As an introduction, my posts will be an attempt to crowdsource some sabermetric analysis on DRaysBay. The format is that I'll post an article presenting some analysis of a topic, showing a few different approaches. Hopefully this will generate a discussion in the comments so that in future a follow-up can be posted which incorporates the ideas people bring up in the comments.
If people have anything they'd like me to look into, please also mention it in the comments. Rays-related questions are particularly encouraged!

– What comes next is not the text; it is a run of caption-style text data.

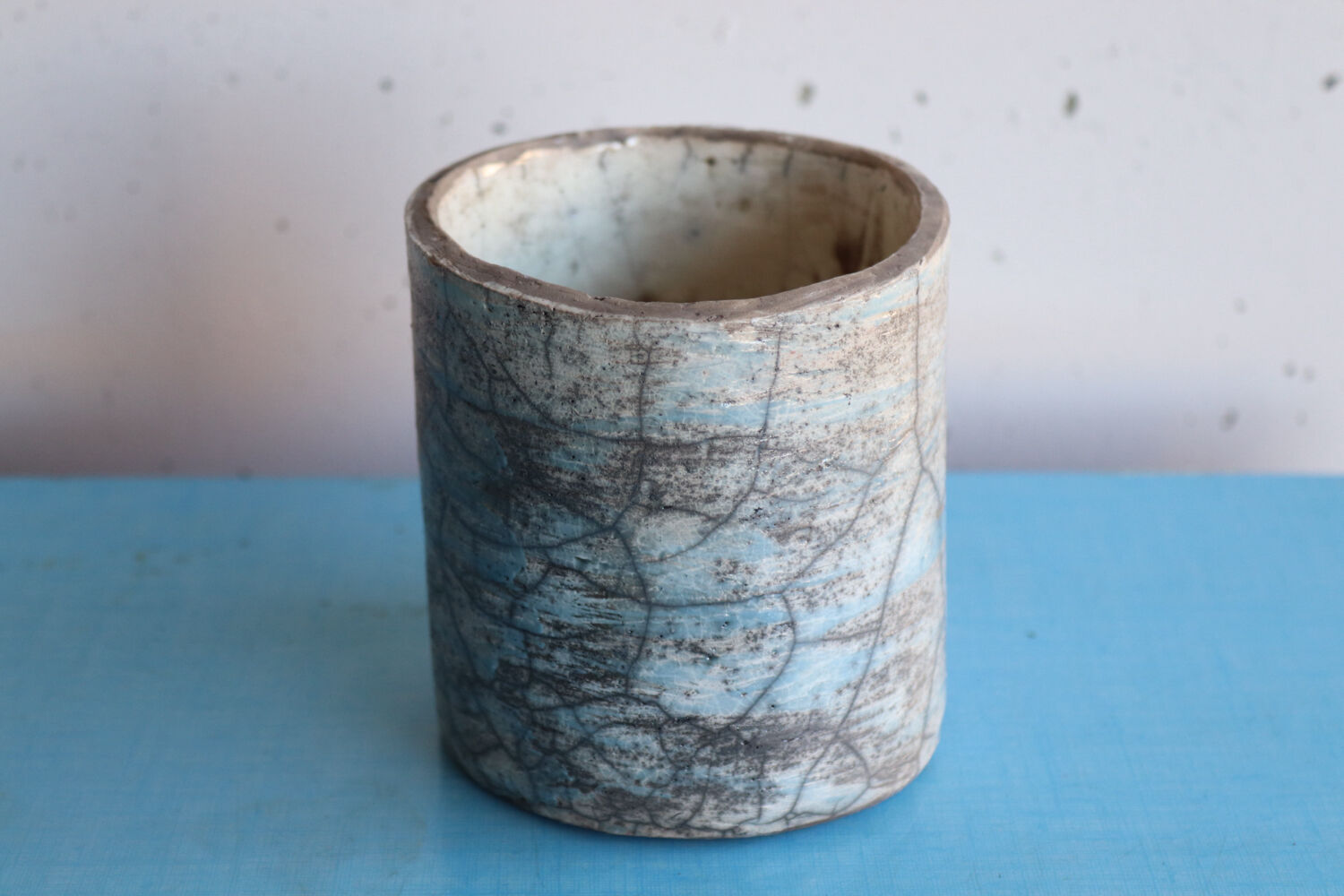 Blue raku ceramic cylindrical vase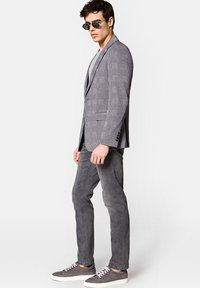 Szary, w kratkę marynarka, szary t-shirt, dopasowane szare spodnie i szare sneakersy. Dodatki to zielone okulary przeciwsłoneczne. Dopasowany krój, gładka tekstura.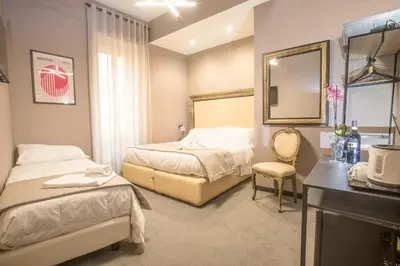 a hotel room with two beds and a mirror at Rometobe in Rome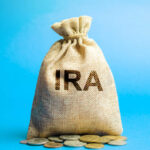 A burlap bag labeled 'IRA' with coins scattered around it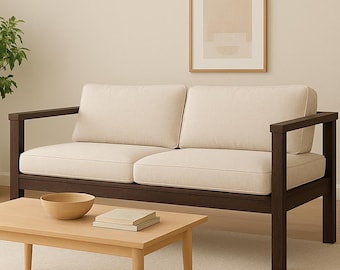 May include: A modern living room scene featuring a two-seater sofa with cream-colored cushions and dark brown wooden frame. A light wood coffee table holds a wooden bowl and books. A potted plant and framed artwork complete the decor.
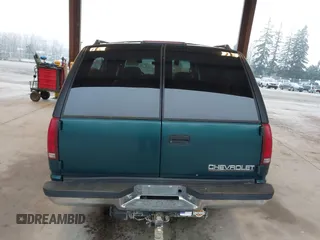 1997 Chevrolet Suburban with VIN 3GNFK16R6VG118242, listed as a IAAI auction lot 41349416 with 183,439 mi miles. Bid and sale history available at carsss.com. Image 16.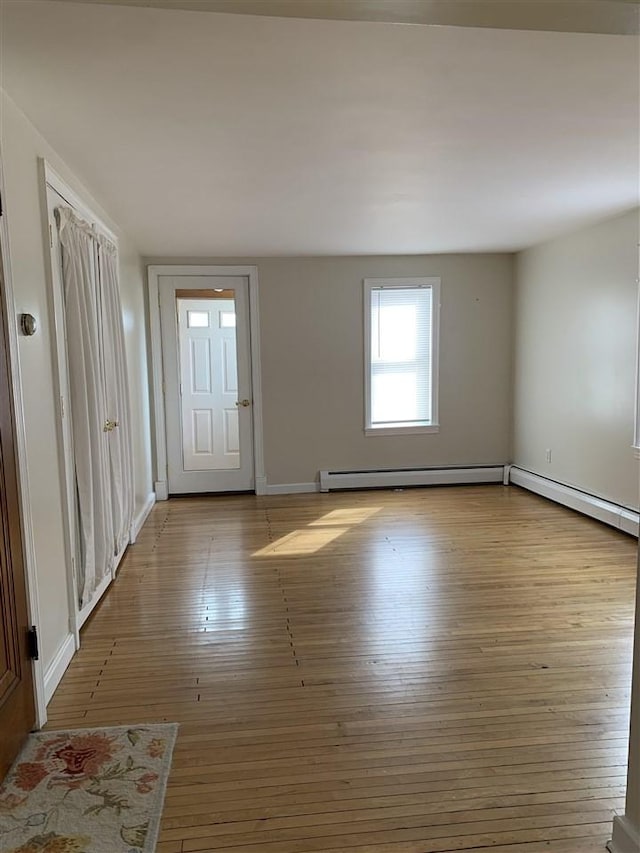 entrance foyer featuring a baseboard heating unit, baseboards, and wood finished floors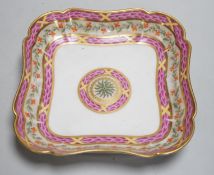 An 18th century Rue Thiroux square shaped dish painted with two bands of pink leaves, and a band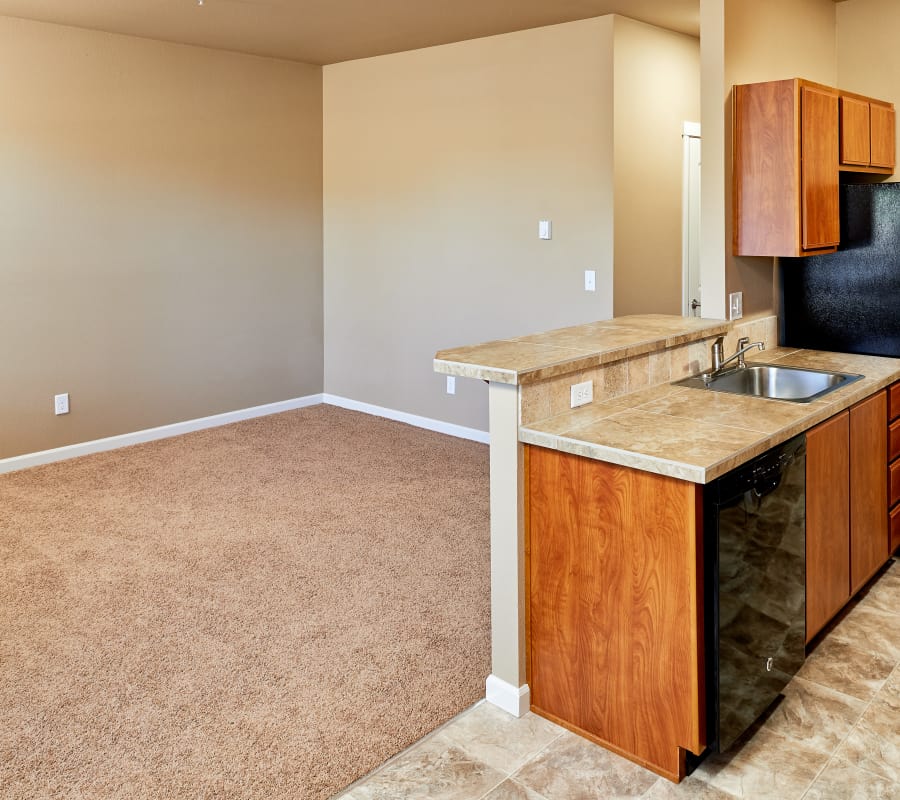 Spacious living room and beautiful kitchen at Orchard Ridge home in Salem, Oregon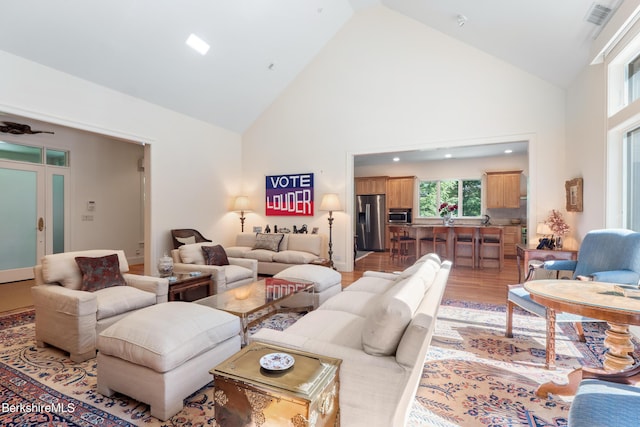 living room with ceiling fan, high vaulted ceiling, and wood-type flooring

Full disclosure: I'm not that familiar with what's been done in the past, so I might go over things which have already been discussed or fail to give credit to people who deserve it. Sorry! I'm not aiming for completeness, I'm just trying to start a discussion. Ok, with that out of the way let's dig in. - Nick
Do hitters get "hot"?
Today I want to talk about whether or not hitters can get "hot". This is a pretty old topic, but hopefully there's still something interesting to be found. To tackle this problem I'm going to look at Evan Longoria's career game-log (I got this from Baseball Reference), specifically his game-by-game OBP. I chose Longoria because I'm hoping he's one of the few hitters with a long track record (2008 – 2014) who will still be on the team on opening day.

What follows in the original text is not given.